5

I have two coreos machines with CoreOS beta (1185.2.0).

I install kuberentes with rkt containers using a modified script, the original script is at https://github.com/coreos/coreos-kubernetes/tree/master/multi-node/generic. the modified version is at https://github.com/kfirufk/coreos-kubernetes-multi-node-generic-install-script.
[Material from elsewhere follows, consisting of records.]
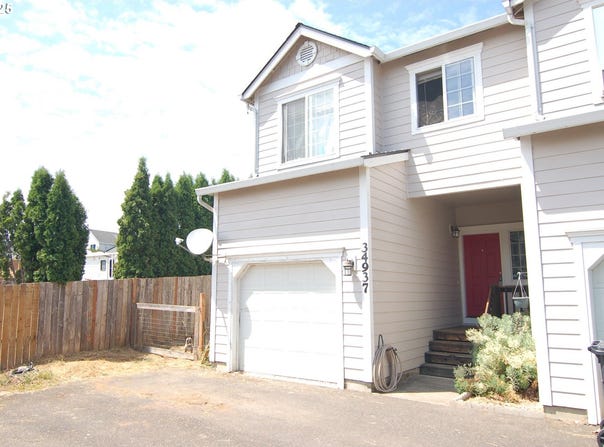34937 BURT RD, St. Helens, OR 97051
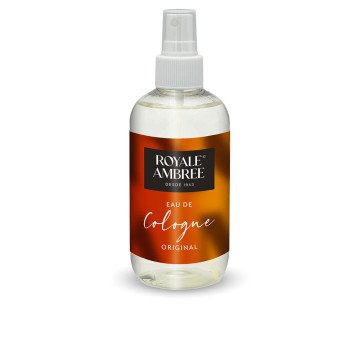ROYALE AMBREE edc vapor bath 240 ml ROYALE AMBREE edc vapor bath 240 ml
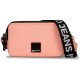 чанта,всички,чанти,karl,lagerfeld,jeans,b3w30169,bag,pink,(lantana)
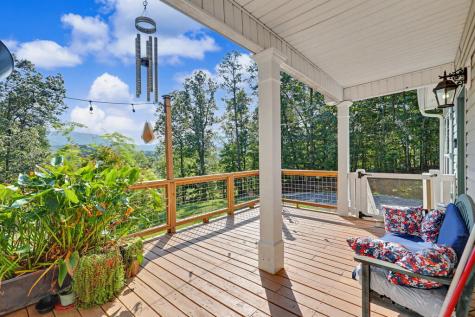625 Ed Nichols Road Young Harris GA 30582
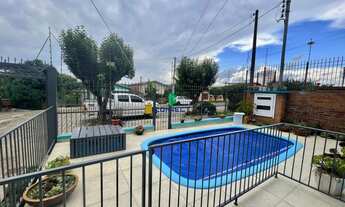 Imagem 5: LINDA CASA COM PISCINA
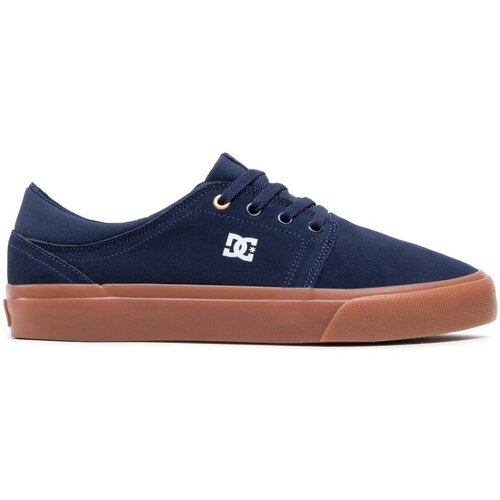 Chaussures Homme Baskets mode DC Soaring Shoes ADYS300652 Bleu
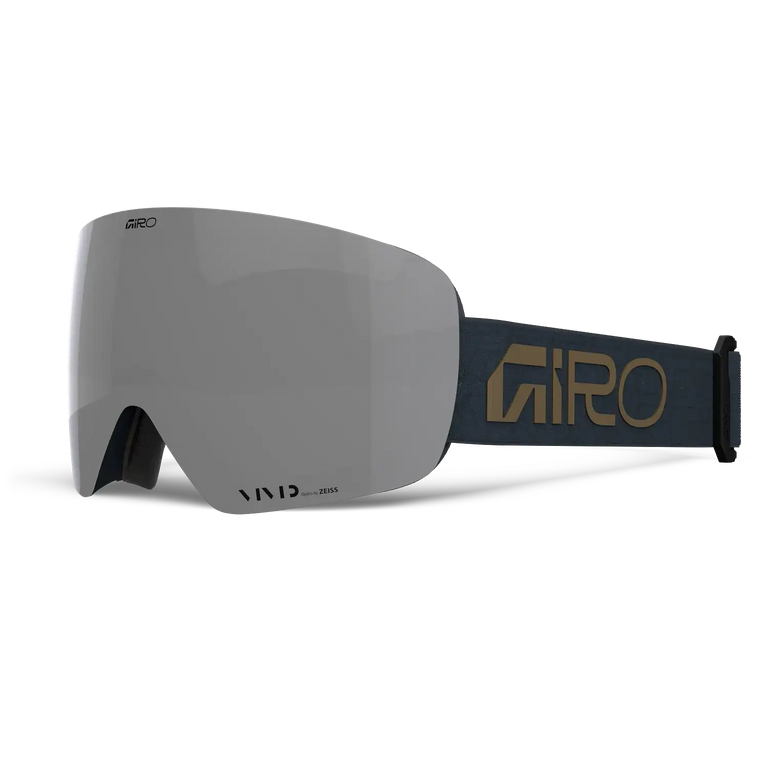 Masque de ski GG Contour RS Drift DRK Mrn/onx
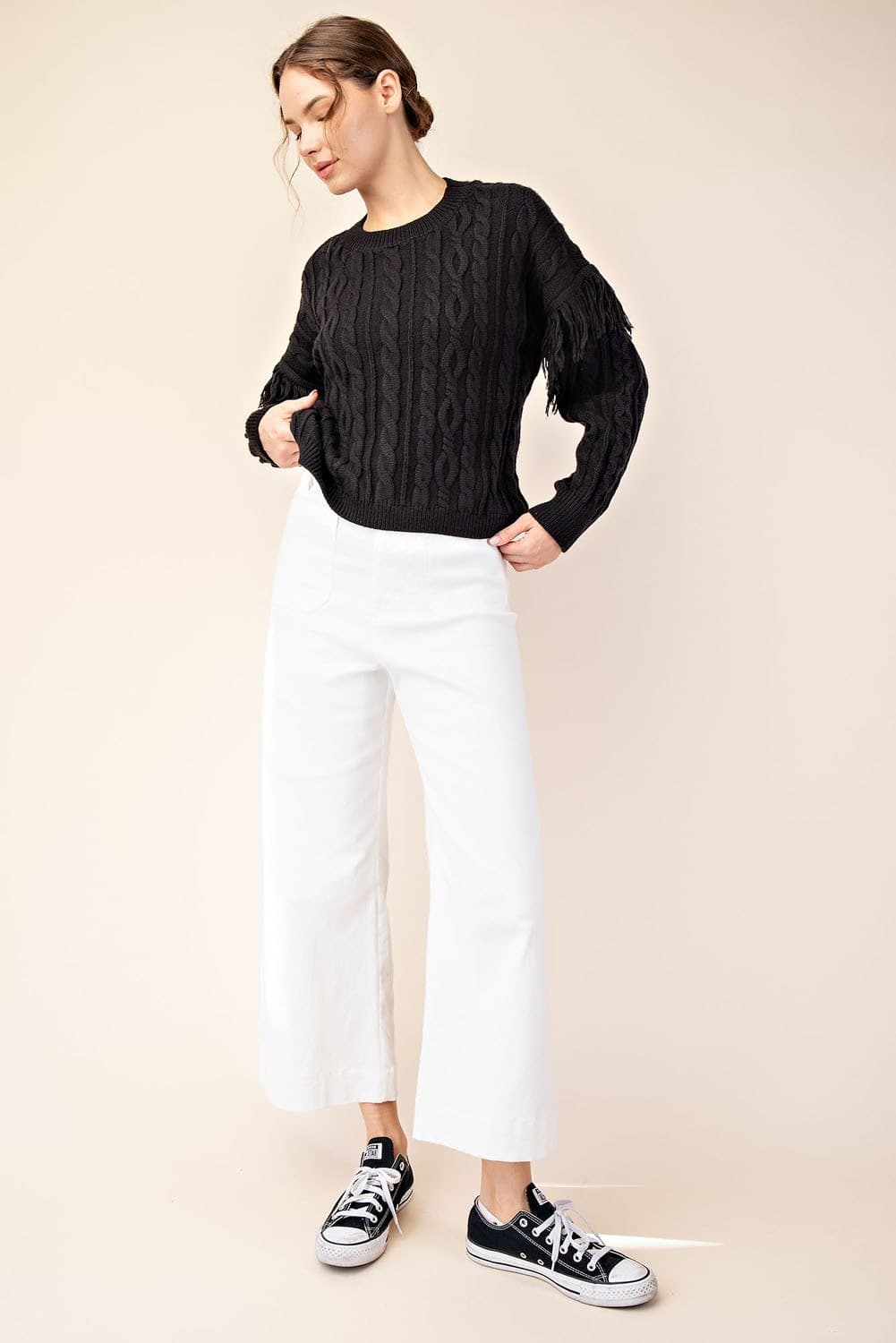 SG8369 - BLACK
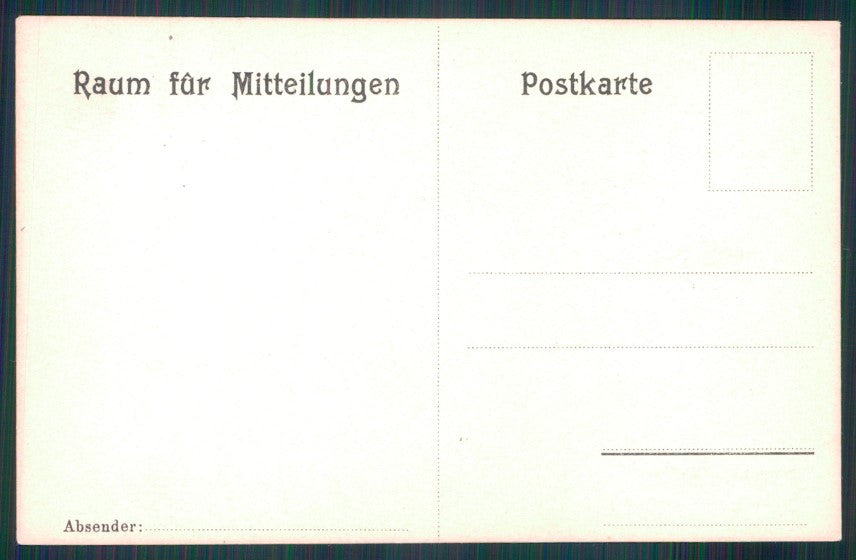 Happy New Year Men Drinking Beer postcard TC3689 – retro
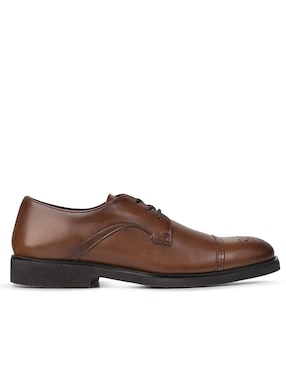 Zapato derby Brantano Frankie para hombre
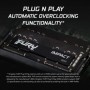 KS DDR4 16GB 2666 KF426S16IB/16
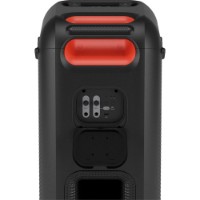 Boxă portabilă LG Xboom XL9T Black imaginea #5 — magazin online Desire.md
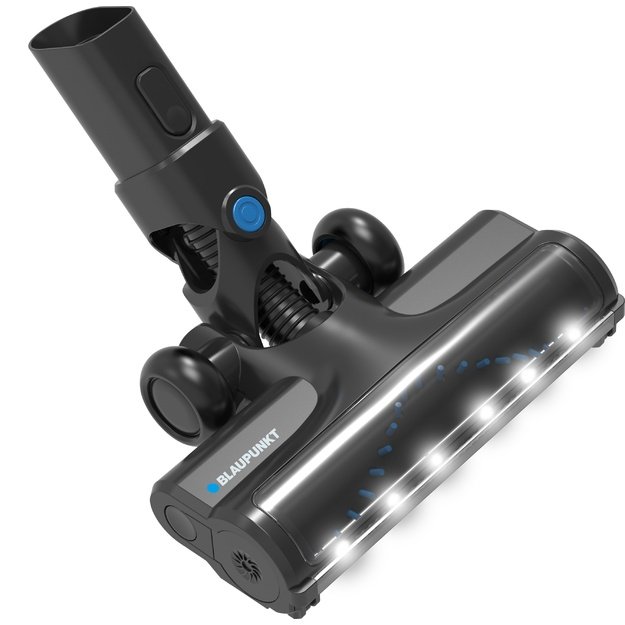 upright hoover Blaupunkt 25.2V VCH801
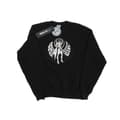 Miniatyrbild 1 av 5: DC Comics Pojkar Batgirl Gotham Girl Sweatshirt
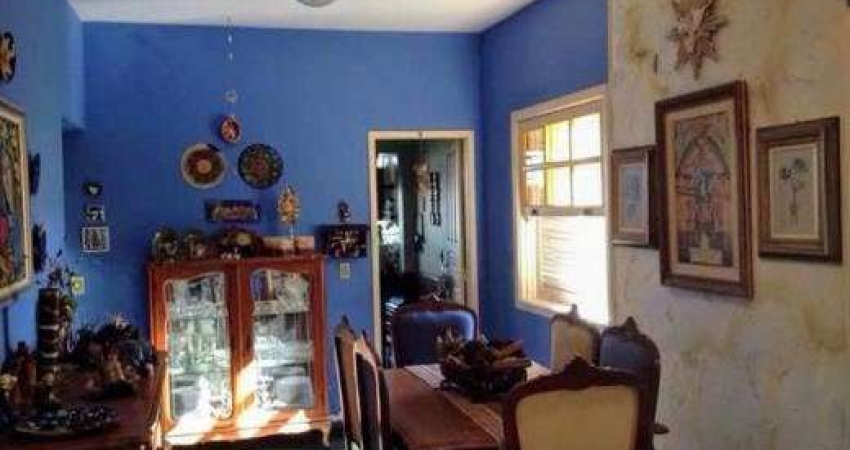 Casa com 3 quartos à venda na Rua Maria Piedade Vieira, Idulipe, Santa Luzia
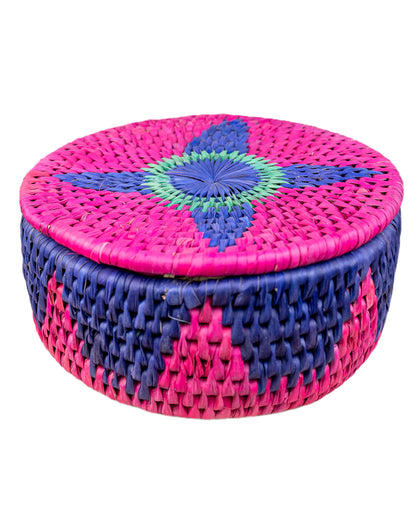 Bread Basket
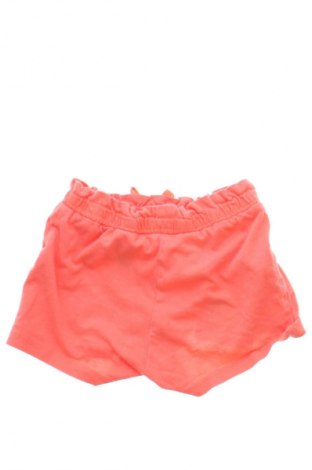 Παιδικό κοντό παντελόνι H&M, Μέγεθος 12-18m/ 80-86 εκ., Χρώμα Πορτοκαλί, Τιμή 6,99 €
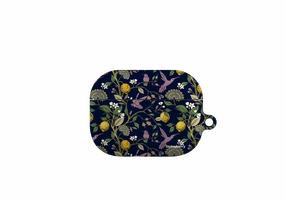 durable anti drop shell compact ergonomic neon travel silicone shell Holbrook Airpod Pro Case ( Gen 1 & 2 )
the environment variables that I set for the script are:

ADVERTISE_IP=10.79.218.2
ETCD_ENDPOINTS="https://coreos-2.tux-in.com:2379,https://coreos-3.tux-in.com:2379"
K8S_VER=v1.4.3_coreos.0
HYPERKUBE_IMAGE_REPO=quay.io/coreos/hyperkube
POD_NETWORK=10.2.0.0/16
SERVICE_IP_RANGE=10.3.0.0/24
K8S_SERVICE_IP=10.3.0.1
DNS_SERVICE_IP=10.3.0.10
USE_CALICO=true
CONTAINER_RUNTIME=rkt
ETCD_CERT_FILE="/etc/ssl/etcd/etcd1.pem"
ETCD_KEY_FILE="/etc/ssl/etcd/etcd1-key.pem"
ETCD_TRUSTED_CA_FILE="/etc/ssl/etcd/ca.pem"
ETCD_CLIENT_CERT_AUTH=true
OVERWRITE_ALL_FILES=true
CONTROLLER_HOSTNAME="coreos-2.tux-in.com"
ETCD_CERT_ROOT_DIR="/etc/ssl/etcd"
ETCD_SCHEME="https"
ETCD_AUTHORITY="coreos-2.tux-in.com:2379"
IS_MASK_UPDATE_ENGINE=false

the most noted changes is added support for etcd2 tls certificates and kubeconfig yaml usage instead of depreated --api-server.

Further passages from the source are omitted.